- LAST REVIEWED: 06 June 2017
- LAST MODIFIED: 15 January 2015
- DOI: 10.1093/obo/9780199830060-0129
- LAST REVIEWED: 06 June 2017
- LAST MODIFIED: 15 January 2015
- DOI: 10.1093/obo/9780199830060-0129
Ecological genomics seeks to understand genomic responses to environmental variation and in turn how genomic variation shapes the responses of organisms to their environment. Often associated with evolutionary, population, or functional genomics, with which it shares many of the same analytical tools and technologies, ecological genomics addresses interactions between environments and genomes, with the goal of gaining a better understanding of the roles organisms play in their ecosystems. Technological and analytical advances in 21st century underpin the emergence of ecological genomics as a coherent field of study. Not unlike ecology itself, ecological genomics is interdisciplinary and draws on concepts and techniques spanning environmental sciences, evolutionary biology, population genetics, molecular biology, toxicology, environmental microbiology, physiology, and even chemistry.

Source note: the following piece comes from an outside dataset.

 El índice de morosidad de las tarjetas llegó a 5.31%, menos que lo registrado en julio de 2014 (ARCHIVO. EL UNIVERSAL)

Typical questions include: What are the genome-wide patterns of gene expression in organisms under physiological or metabolic stress? How are microbial communities structured, and how do they vary over ecological gradients? How are life history patterns and mating systems influenced by genomic variation? What is the genomic basis of phenotypic plasticity? What genes or genetic markers underlie adaptive traits? How do epigenetic modifications of genomes affect ecologically important traits? Such questions are broad, and answers can touch on a dizzying expanse of biological terrain. The references listed here are weighted toward those that emphasize ecological applications of genomics, such as those in conservation biology or microbial ecology. However, many overviews are included that aggregate ecological, evolutionary, and functional genomics under a single banner. Of the many emerging themes in ecological genomics, a major one is the need and now opportunity to account for diversity in the patterns and mechanisms that affect natural phenotypic variation both within and between species, particularly in non-model organisms. There is much hope that ecological genomics will reveal new insights across the spectrum of biology, and even upend perceived wisdoms.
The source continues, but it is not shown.